New book details Speckle Park breed’s beginnings

A Saskatchewan producer has drawn on extensive documents and photos to tell the story of the breed’s founding

In 1973, three Speckle Park steers took second at The Royal Agricultural Winter Fair in Toronto. The Glasman family of Manitoba bought the steers from the Lamonts, expertly fitted them and entered them in the Royal. Left to right: Gayle Glasman, Vern Croy, Bob Switzer and Larry Glasman.

Christine Pike, a Saskatchewan farm owner and cattlewoman, has published a book about the Speckle Park breed’s beginnings and the contributions of the late Mary Lindsay, who created the Lindsay Lineback. The Speckle Park is one of very few cattle breeds developed in Canada.

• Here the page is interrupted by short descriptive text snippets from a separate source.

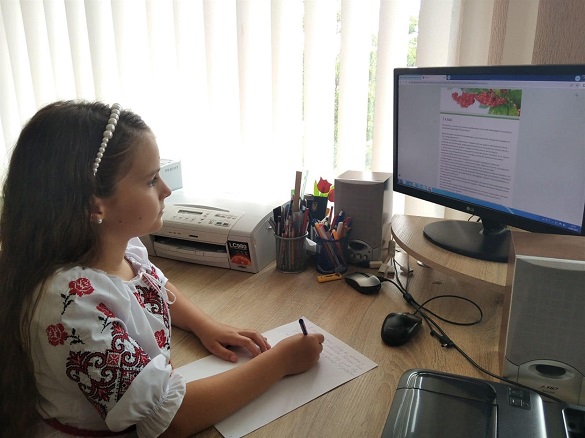 Школярка із Золотоноші визнана найкращим знавцем рідної мови в Україні
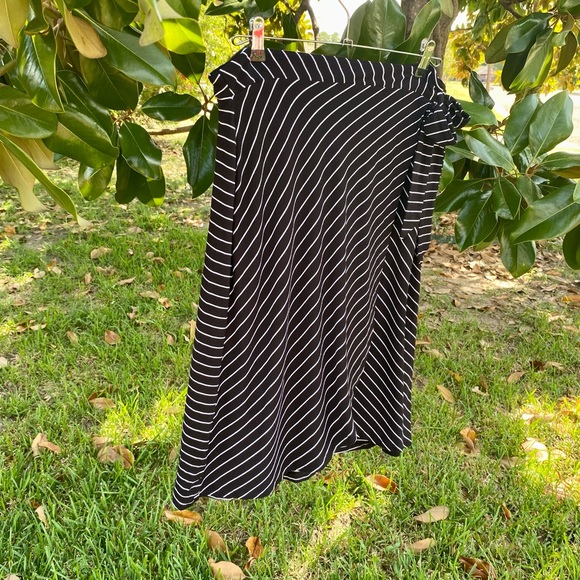 Adrienne Vittadini - Picture 4 of 10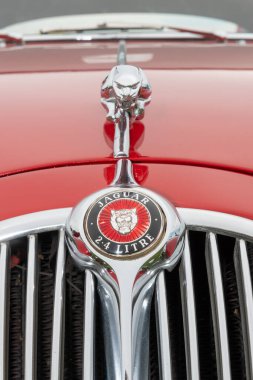 Honiton. Devon. Birleşik Krallık. 2 Temmuz 2021. Devon County Show 'da sergilenen Mark 2 Jaguar' ın önünü kapatın.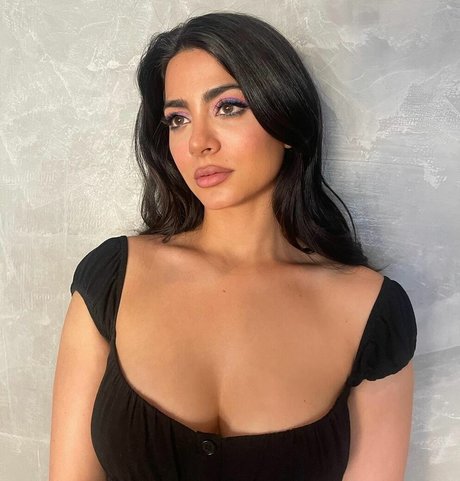 Emeraude Toubia OnlyFans geleakt.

“My sister Eileen bought a Lindsay Lineback cow from Mary Lindsay, then she and her husband Bill Lamont bred that cow to their excellent Black Angus bull of the 1960s and were surprised to get colourful calves with exceptionally outstanding beef. These cattle were the start of the Speckle Park breed,” Pike says.

Tracing the origins

Mary Lindsay. photo: Courtesy Christine Pike

The Speckle Park has been making a name for itself, with its many outstanding features. But the breed’s origins were ignored or unknown by some and the stories confused. Pike says it got to the point that Lindsay wasn’t given credit, even though she had developed the female side of the original breed.

Pike also wanted to make sure that the Lamonts were remembered for their efforts, as she thinks their contributions were swept under the rug as well. “I wrote the book about this breed because I had to. Because I am passionate about these cattle and because I was the only person who could do it because I am Eileen Lamont’s sister. I have been associated with the Speckle Park ever since the family started creating the breed.”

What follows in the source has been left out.